I had fun making the following chart, although many standard forms like the Bumps chart (i.e. slopegraph) or paired columns and so on also work.

Redo_econ_jc_richgetricher

This chart is influenced by Ed Tufte, who spent a good number of pages in his first book advocating stripping even the standard column chart to its bare essence. The chart also acknowledges the power of design to draw attention.

 

 

PS. Sorry I counted incorrectly. The chart has 36 dots not 40. 


Confuse, confuses, confused, confusing

Via Twitter, @Stoltzmaniac sent me this chart, from the Economist (link to article):

Econ_vehicles

There is simply too much going on on the right side of the chart. The designer seems not to be able to decide which metric is more important, the cumulative growth rate of vehicles in use from 2005 to 2014, or the vehicles per 1,000 people in 2014. So both set of numbers are placed on the chart, regrettably in close proximity.

In the meantime, the other components of the chart, such as the gridlines and the red line indicating 2005 = 100 are only relevant to the cumulative vehicle growth metric. Perhaps noticing the imbalance, the designer then paints the other data series in rainbow-colored boxes, and prints the label for this data series in a big white box. This decision tilts the chart towards the vehicle per capita metric, as our eyes now cannot help but stare at the white box.

***

There are really three trends: the growth in population, the growth in vehicles, and the resultant growth in vehicle per capita. They are all be accommodated in a small-multiples setting, as follows:

Jc_econ_vehicles2

There are some curious angular trends revealed here. The German population somehow dipped into negative territory around 2007-8 but since then has turned around. Nigeria's vehicle growth declined sharply after 2006 so that the density of vehicles has stabilized.

 


If Clinton and Trump go to dinner, do they sit face to face, or side by side?

One of my students tipped me to an August article in the Economist, published when last the media proclaimed Donald Trump's campaign in deep water. The headline said "Donald Trump's Media Advantage Falters."

Who would have known, judging from the chart that accompanies the article?

Economist_20160820_woc352_1

There is something very confusing about the red line, showing "Trump August 2015 = 1." The data are disaggregated by media channel, and yet the index is hitched to the total of all channels.

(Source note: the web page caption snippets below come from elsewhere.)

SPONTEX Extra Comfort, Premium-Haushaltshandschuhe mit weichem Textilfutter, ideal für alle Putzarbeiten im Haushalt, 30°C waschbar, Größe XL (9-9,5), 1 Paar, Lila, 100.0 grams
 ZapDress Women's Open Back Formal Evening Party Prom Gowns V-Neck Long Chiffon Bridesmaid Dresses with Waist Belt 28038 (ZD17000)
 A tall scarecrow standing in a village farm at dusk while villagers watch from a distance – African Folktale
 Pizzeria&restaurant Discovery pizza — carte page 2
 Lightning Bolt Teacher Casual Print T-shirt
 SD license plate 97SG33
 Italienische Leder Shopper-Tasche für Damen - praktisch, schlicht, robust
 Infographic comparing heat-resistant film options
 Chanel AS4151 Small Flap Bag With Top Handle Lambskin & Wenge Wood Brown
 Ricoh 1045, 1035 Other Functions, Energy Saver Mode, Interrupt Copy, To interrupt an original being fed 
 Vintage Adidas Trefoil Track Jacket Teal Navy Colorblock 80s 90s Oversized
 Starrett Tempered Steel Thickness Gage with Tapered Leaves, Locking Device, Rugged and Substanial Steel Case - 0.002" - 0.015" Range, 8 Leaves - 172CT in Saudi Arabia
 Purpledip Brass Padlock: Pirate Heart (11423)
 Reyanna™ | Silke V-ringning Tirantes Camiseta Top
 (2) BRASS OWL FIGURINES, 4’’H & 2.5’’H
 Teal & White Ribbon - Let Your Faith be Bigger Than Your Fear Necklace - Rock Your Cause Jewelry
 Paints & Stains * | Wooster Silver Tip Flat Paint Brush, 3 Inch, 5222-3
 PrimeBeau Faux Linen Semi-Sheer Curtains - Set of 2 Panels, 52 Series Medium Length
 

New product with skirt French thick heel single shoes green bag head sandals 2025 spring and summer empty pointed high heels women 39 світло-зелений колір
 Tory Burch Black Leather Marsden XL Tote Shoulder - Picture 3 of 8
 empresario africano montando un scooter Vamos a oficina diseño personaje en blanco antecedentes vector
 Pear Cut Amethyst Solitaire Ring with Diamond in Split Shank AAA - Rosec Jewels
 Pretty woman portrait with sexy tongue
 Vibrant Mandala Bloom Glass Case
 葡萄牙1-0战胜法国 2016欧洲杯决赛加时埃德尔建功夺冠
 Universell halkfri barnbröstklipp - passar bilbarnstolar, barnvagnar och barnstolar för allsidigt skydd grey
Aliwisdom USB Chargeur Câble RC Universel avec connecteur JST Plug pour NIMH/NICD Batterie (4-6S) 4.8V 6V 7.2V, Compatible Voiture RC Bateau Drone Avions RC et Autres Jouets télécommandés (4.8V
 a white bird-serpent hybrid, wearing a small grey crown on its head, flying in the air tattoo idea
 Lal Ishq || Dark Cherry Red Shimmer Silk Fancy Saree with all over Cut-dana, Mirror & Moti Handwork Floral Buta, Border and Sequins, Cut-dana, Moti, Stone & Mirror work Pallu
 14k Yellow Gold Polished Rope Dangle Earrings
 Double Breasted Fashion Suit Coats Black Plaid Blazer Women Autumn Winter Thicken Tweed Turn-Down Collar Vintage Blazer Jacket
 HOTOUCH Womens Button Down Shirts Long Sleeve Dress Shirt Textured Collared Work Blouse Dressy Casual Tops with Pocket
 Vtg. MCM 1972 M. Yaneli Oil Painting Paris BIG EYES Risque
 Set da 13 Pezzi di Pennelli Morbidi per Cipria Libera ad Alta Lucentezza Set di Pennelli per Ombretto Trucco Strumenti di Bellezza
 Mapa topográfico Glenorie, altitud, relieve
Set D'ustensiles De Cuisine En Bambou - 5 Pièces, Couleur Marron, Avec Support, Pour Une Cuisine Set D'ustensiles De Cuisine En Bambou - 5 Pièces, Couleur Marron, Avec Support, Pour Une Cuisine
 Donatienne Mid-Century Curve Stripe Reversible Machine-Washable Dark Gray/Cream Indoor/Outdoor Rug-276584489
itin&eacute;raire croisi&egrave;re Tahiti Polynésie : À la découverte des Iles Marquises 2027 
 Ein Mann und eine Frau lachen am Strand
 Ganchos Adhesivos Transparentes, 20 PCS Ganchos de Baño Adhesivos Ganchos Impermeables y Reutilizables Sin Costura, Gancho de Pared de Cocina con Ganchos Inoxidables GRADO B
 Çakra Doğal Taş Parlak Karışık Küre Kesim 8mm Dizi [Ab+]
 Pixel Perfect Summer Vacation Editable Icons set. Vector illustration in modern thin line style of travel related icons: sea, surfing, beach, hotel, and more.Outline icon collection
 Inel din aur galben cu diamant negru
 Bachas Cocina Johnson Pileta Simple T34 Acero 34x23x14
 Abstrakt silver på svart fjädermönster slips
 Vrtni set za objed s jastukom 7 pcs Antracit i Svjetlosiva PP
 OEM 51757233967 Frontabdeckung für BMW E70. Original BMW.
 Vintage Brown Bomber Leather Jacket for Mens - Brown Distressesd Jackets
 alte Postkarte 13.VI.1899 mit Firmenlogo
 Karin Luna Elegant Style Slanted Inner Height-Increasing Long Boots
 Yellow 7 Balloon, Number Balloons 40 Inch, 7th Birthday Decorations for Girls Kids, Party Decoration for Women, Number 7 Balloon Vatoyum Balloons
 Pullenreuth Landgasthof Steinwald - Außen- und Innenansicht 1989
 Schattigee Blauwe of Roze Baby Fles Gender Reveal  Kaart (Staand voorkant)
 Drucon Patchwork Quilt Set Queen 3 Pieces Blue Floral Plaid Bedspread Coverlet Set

It is also impossible to figure out how Clinton is doing relative to Trump in each channel.

Here is a small-multiples rendering that highlights the key comparisons:

Redo_economist_earnedmedia1b

Alternatively, one can plot the Clinton advantage versus Trump in each channel, like this:

Redo_economist_earnedmedia2b

One sees that Clinton has caught up in the last month (July 2016), primarily through more coverage by "online news."

Imagine Mr. Trump and Mrs. Clinton dining at a restaurant. Are they seated side by side (Economist) or face to face (junkcharts)?


Graphical inequity ruins the chart

This Economist chart has a great concept but I find it difficult to find the story: (link)

Economist_brexit

I am a fan of color-coding the text as they have done here so that part is good.

The journalist has this neat idea of comparing those who are apathetic ("don't care about whether Britain is in or out") and those who are passionate ("strongly prefer" that Britain is either in or out).

The chosen format suffers because of graphical inequity: the countries are sorted by decreasing apathy, which means it is challenging to figure out the degree of passion.

This chosen order is unrelated to the question at hand. One possible way of interpreting the chart is to compare individual countries against the European average. The journalist also recognizes this, and highlighted the Euro average.

The problem is that there are two different averages and no good way to decide whether a particular country is above or below average.

Here is my version of the chart:

Redo_econ_brexit2

The biggest change is to create the new metric: how many people say they really care about Brexit/Bremain for every person who say they don't care. In Britain, over four people really care for each one who doesn't while in Slovenia, you can only find fewer than half a person who really cares for each one who doesn't.